Neo4j Enterprise Clustering¶
This document describes how to configure and manage Neo4j Enterprise clusters using the Neo4j Kubernetes Operator.
Overview¶
The Neo4j Kubernetes Operator supports Neo4j 5.26 LTS (the final SemVer release) and any CalVer release (2025.x, 2026.x, and onward) for Enterprise clustering, with multiple discovery mechanisms and advanced features like read replicas and multi-zone deployments.
Cluster Architecture¶
A Neo4j Enterprise cluster consists of:
- Servers: Neo4j server instances that self-organize into primary and secondary roles automatically
- Discovery service: Enables cluster members to find each other
- Routing service: Routes client connections to appropriate cluster members
Server Self-Organization: In the server-based architecture, you deploy a number of servers and Neo4j automatically assigns primary and secondary roles based on database requirements and cluster state.
Discovery Methods¶
The operator automatically uses LIST discovery with static pod FQDNs — the recommended approach for Kubernetes deployments. See the Neo4j Operations Manual for background.
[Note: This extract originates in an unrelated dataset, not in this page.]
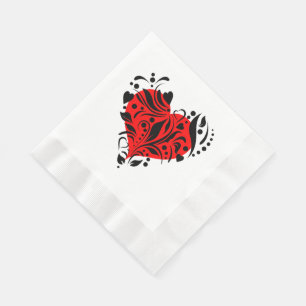 Red And Black Hearts Paper Dinner Napkins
How Cluster Discovery Works¶
The operator uses the LIST resolver with pre-computed pod FQDNs from the StatefulSet headless service. Each pod's DNS name is known upfront ({cluster}-server-{n}.{cluster}-headless.{ns}.svc.cluster.local), so the operator injects a fixed peer list at startup — no Kubernetes API calls required for discovery.
Note: Do not confuse this with the Neo4j
K8Sresolver type, which queries the Kubernetes API directly. This operator always uses theLISTresolver.
Discovery ports:
- Port 6000 (tcp-tx): V2 cluster communication — used by this operator for discovery endpoints
- Port 5000 (tcp-discovery): V1 discovery — deprecated, never used by this operator
Kubernetes Services Created¶
The operator automatically creates:
- {cluster-name}-headless — StatefulSet headless service (pod FQDNs)
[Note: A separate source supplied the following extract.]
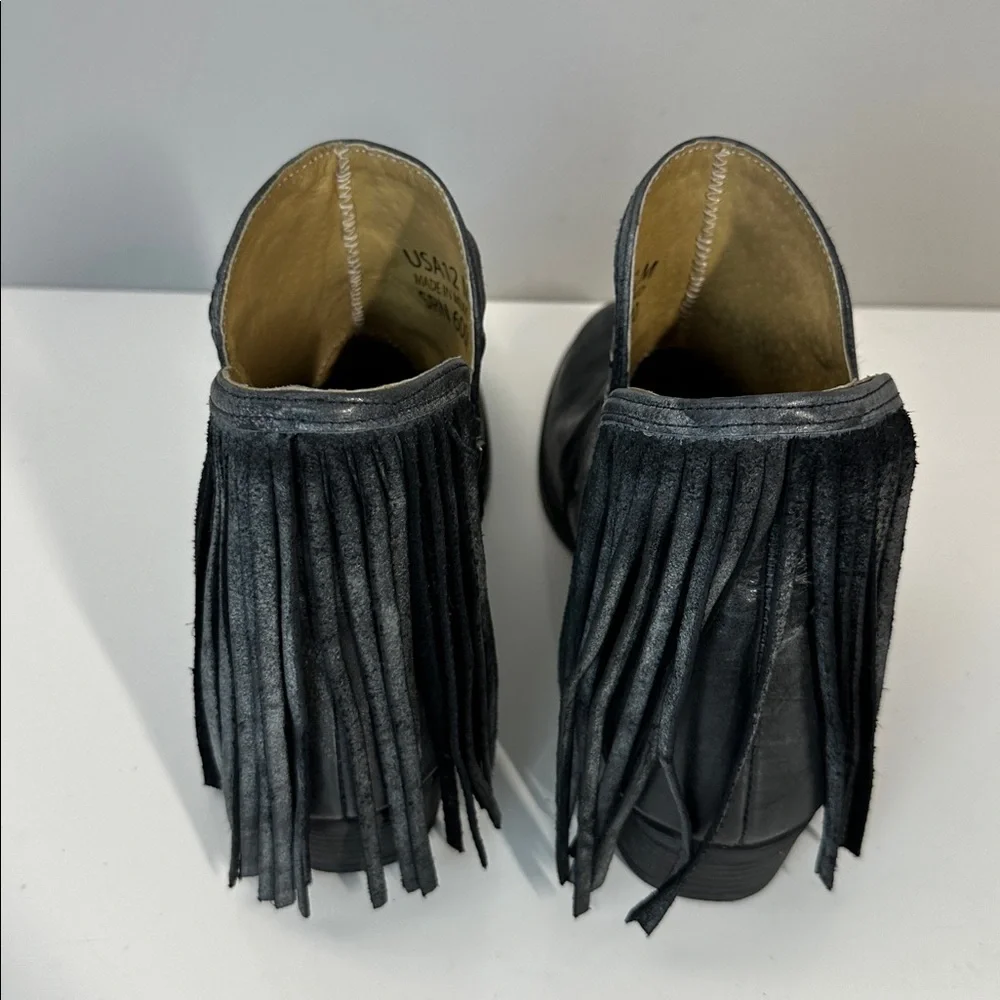 Black Leather Fringe Studded Cowboy Ankle Boots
- {cluster-name}-internals — cluster-internal routing
- {cluster-name}-client — external Bolt/HTTP access
Discovery Configuration (Injected Automatically)¶
The operator injects version-specific discovery settings into every pod's startup script. Do not set these in spec.config — the operator manages them.
Neo4j 5.26.x (SemVer):
dbms.cluster.discovery.resolver_type=LIST
dbms.cluster.discovery.version=V2_ONLY
dbms.cluster.discovery.v2.endpoints=<cluster>-server-0.<cluster>-headless.<ns>.svc.cluster.local:6000,...
internal.dbms.cluster.discovery.system_bootstrapping_strategy=me # server-0 only
Neo4j 2025.x+ / 2026.x+ (CalVer):
dbms.cluster.discovery.resolver_type=LIST
dbms.cluster.endpoints=<cluster>-server-0.<cluster>-headless.<ns>.svc.cluster.local:6000,...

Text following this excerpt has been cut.